Spinoza après Bourdieu
- Compte rendu de Jean Zaganiaris
Publié le 08 novembre 2018
Présentation de l'éditeur
Le paradoxe fondamental qui vient à la fois constituer et mettre en péril la politique, c'est qu’il n’y a pas d’autorité des institutions et des lois sans le soutien au moins tacite et spontané de la multitude, multitude dont il s’agit en même temps de reconnaître qu’elle est composée d’individus et de groupes sociaux qui désirent n’en faire qu’à leur tête. Ce paradoxe est souvent dénié par les philosophies politiques qui se contentent d’invoquer une légitimité idéale pour justifier une obéissance en droit. Les concepts de disposition et d’habitus, tels qu’ils sont théorisés par Pierre Bourdieu, permettent de comprendre à même la pratique comment s’établit, de fait, la domination d’un ordre. Spinoza, tout en s’accordant sur des points fondamentaux avec le sociologue, insiste néanmoins sur la dimension passionnelle et donc inconstante des dispositions, et par là assume davantage encore le paradoxe.

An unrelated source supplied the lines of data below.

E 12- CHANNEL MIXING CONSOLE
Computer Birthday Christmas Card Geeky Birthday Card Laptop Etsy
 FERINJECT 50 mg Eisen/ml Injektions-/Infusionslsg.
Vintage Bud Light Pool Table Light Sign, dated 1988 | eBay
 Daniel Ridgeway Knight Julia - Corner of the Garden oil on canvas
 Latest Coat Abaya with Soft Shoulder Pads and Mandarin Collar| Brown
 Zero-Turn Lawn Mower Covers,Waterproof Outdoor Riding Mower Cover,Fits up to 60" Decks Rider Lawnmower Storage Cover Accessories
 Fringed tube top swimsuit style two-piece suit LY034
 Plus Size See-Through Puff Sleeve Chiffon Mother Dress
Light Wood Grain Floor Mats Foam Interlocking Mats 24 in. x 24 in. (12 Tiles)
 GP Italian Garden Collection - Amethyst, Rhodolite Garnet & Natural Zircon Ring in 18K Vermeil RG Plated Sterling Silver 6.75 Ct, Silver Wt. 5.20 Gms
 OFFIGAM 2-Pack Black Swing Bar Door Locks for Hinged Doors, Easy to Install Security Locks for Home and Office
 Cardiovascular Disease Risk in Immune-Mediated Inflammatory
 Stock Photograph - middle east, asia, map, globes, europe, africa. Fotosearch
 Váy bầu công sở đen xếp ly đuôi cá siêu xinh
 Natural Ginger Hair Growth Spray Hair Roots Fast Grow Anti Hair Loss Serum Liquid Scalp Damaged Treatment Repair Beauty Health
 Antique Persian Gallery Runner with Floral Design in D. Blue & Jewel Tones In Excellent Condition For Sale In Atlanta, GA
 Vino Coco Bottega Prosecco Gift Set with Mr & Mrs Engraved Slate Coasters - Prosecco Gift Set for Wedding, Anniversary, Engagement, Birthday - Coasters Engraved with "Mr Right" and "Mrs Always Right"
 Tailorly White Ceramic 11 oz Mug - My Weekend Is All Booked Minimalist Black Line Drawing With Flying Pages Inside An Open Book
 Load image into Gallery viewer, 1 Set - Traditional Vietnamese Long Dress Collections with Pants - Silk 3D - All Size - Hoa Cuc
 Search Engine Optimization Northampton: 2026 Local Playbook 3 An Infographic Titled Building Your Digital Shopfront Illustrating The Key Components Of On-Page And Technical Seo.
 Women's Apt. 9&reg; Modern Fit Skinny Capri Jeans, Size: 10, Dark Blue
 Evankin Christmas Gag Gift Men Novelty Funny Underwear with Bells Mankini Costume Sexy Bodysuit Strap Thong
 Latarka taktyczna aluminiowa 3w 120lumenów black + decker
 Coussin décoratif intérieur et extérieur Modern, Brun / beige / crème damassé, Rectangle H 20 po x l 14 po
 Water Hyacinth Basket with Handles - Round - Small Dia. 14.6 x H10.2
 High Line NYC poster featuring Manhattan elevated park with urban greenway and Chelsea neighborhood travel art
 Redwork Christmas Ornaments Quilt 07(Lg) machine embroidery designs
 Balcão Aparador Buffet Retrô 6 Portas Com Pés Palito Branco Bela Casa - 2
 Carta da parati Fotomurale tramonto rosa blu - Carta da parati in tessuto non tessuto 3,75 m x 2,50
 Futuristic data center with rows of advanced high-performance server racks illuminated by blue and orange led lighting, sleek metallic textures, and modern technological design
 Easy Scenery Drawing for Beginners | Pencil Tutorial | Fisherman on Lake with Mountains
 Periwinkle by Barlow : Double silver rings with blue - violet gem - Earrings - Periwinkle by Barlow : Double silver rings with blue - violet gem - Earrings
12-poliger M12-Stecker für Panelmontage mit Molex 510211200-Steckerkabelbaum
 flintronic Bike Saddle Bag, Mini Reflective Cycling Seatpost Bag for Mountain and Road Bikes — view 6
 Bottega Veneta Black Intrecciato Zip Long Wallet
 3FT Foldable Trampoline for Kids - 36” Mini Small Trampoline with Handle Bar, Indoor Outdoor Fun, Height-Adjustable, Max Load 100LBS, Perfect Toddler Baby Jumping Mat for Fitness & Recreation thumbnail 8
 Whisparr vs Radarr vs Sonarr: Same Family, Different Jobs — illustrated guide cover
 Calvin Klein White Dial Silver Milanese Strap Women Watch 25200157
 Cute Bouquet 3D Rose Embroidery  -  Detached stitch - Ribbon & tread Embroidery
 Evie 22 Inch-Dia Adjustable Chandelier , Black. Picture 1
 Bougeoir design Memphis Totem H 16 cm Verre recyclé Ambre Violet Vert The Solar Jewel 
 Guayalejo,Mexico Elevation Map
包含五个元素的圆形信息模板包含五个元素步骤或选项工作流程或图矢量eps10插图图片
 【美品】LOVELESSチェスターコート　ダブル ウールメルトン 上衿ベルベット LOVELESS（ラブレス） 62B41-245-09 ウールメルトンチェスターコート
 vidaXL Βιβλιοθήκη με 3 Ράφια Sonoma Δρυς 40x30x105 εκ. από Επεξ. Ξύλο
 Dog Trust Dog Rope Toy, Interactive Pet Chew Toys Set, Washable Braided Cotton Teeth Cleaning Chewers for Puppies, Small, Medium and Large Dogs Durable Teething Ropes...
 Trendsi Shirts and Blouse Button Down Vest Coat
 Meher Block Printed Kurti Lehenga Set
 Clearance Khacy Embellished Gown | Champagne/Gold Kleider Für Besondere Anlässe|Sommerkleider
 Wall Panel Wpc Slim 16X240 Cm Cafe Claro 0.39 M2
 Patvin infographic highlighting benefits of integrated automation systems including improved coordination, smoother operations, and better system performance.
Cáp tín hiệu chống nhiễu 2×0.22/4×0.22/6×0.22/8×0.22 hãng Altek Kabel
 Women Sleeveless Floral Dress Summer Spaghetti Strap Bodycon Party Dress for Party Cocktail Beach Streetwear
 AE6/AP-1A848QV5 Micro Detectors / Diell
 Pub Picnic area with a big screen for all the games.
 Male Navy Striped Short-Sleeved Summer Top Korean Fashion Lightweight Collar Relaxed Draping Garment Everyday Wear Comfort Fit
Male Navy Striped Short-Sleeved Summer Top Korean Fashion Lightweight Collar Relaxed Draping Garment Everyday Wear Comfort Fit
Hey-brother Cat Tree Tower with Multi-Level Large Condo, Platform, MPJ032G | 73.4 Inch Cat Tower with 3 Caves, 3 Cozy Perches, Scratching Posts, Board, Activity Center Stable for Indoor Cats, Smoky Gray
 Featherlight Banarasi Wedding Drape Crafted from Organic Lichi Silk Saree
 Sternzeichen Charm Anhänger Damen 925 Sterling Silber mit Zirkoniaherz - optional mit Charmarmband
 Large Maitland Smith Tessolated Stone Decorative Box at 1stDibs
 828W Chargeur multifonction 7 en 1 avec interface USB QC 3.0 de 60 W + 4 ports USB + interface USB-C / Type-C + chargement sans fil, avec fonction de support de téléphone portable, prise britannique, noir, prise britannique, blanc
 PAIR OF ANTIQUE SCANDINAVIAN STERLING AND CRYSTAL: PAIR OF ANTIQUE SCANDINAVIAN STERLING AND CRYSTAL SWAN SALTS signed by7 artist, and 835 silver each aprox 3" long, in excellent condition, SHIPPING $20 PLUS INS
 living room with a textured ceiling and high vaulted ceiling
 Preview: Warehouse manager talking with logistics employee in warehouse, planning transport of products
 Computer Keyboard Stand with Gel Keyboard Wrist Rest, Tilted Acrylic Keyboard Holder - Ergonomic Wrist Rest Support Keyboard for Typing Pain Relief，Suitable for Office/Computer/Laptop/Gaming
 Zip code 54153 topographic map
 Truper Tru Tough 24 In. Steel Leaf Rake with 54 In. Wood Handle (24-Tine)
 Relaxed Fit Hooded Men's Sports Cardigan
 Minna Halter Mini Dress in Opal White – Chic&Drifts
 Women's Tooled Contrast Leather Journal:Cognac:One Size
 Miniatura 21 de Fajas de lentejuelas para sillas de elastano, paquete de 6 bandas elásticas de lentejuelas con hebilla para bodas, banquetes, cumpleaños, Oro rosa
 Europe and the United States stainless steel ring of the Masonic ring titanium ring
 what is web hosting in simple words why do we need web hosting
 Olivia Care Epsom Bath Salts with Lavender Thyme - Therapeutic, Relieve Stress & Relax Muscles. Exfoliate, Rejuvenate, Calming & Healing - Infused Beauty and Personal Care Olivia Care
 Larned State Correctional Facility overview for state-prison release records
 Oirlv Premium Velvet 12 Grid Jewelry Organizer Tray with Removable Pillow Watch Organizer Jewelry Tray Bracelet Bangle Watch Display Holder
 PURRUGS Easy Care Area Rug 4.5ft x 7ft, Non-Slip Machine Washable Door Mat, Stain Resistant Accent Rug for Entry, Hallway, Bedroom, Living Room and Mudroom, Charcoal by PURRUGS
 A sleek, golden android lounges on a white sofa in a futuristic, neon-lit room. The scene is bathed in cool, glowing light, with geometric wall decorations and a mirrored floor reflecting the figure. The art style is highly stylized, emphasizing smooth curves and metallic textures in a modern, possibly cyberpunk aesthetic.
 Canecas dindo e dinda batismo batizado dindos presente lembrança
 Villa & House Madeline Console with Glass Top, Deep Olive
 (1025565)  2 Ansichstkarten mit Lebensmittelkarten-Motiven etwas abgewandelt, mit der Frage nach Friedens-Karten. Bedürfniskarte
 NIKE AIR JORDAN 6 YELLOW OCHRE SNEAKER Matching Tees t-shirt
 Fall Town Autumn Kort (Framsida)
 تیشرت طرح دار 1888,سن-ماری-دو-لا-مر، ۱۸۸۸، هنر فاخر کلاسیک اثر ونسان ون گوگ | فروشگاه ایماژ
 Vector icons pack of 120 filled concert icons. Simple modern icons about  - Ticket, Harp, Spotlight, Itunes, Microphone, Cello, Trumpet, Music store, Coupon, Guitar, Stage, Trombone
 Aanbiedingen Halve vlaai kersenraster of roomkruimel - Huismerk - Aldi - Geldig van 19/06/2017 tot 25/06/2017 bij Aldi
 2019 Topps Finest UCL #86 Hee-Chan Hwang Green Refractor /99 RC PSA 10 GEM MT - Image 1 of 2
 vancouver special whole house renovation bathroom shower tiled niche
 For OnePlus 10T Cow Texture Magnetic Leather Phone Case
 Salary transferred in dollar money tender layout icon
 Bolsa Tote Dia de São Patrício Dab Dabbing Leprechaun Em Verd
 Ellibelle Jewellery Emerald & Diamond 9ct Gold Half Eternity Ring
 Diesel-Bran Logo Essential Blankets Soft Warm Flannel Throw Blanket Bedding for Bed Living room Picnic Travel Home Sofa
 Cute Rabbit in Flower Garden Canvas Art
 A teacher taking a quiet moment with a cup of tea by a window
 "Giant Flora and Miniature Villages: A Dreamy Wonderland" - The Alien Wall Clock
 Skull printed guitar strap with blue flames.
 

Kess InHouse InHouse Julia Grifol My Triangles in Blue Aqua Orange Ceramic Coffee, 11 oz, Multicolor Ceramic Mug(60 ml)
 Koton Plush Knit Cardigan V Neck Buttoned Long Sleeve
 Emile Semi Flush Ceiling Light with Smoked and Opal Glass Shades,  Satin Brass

Un pouvoir n’est obéi que s’il sait se faire désirer, qu’il soit légitime ou non. C’est alors une conception de l’État et des institutions politiques tout à fait originale qu’élabore le Traité politique, où il s’agit moins de les fonder en légitimité que de les faire fonctionner malgré, et même par, les passions pourtant inconstantes et variées du vulgaire. Encore faut-il que cette domination s’exerce au profit de tous et de chacun: une Realpolitik, au sens de Pierre Bourdieu, est ainsi constituée par Spinoza, où le pouvoir n’est détenu par personne en particulier, mais dispose tous les citoyens à la concorde et à la paix, malgré eux mais, autant que possible, de bon gré.